# INPUT MATERIAL
□ □ □ □ □ □ □

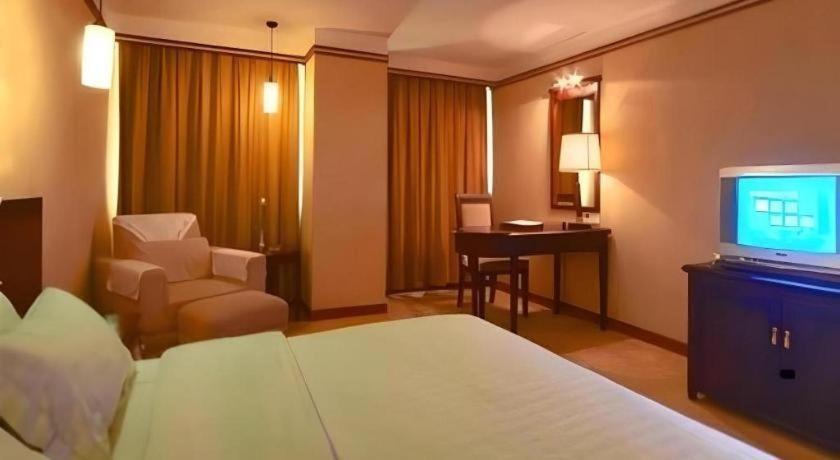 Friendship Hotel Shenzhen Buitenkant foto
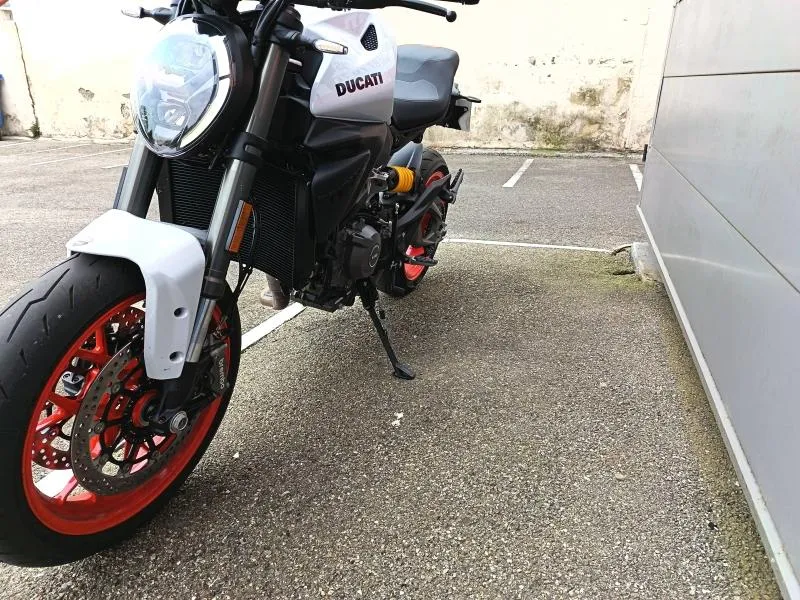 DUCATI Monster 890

□ □ □ □ □ □ □

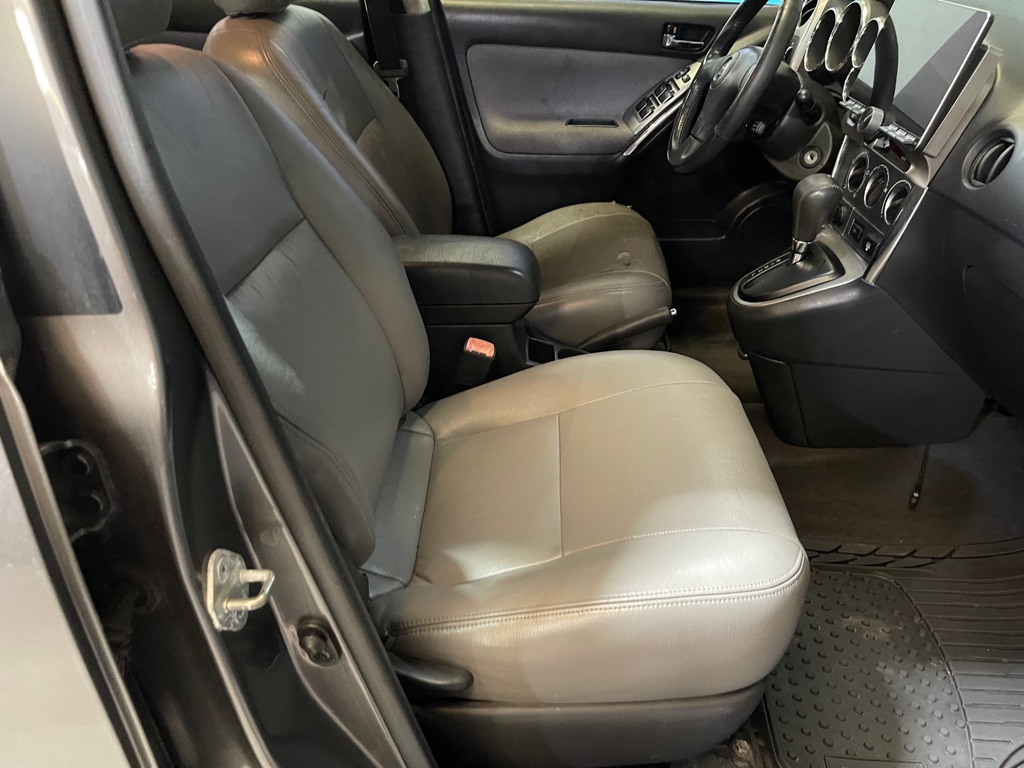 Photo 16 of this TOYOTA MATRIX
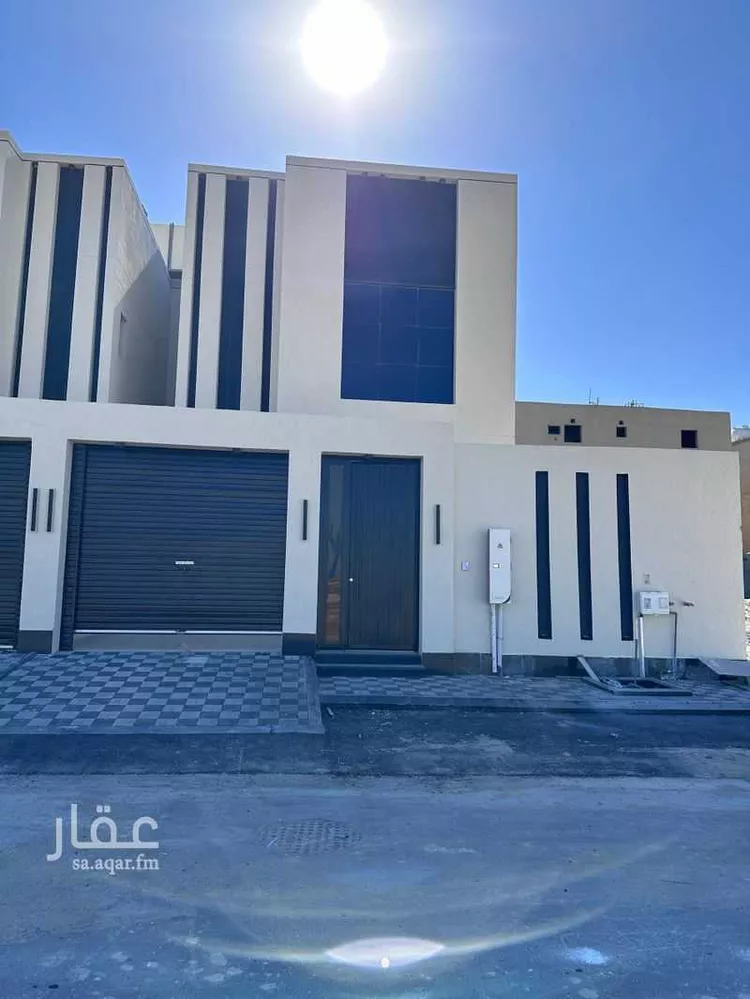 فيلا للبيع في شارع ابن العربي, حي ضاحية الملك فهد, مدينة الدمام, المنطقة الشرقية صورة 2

□ □ □ □ □ □ □

# DESCRIPTION OF THE TASK
An exact copy of the lines above from the one with "Friendship Hotel Shenzhen Buitenkant foto" up to and including the one with "DUCATI Monster 890" is required; reproduce only those lines, omitting all pictures.

# OUTPUT
 Friendship Hotel Shenzhen Buitenkant foto
 DUCATI Monster 890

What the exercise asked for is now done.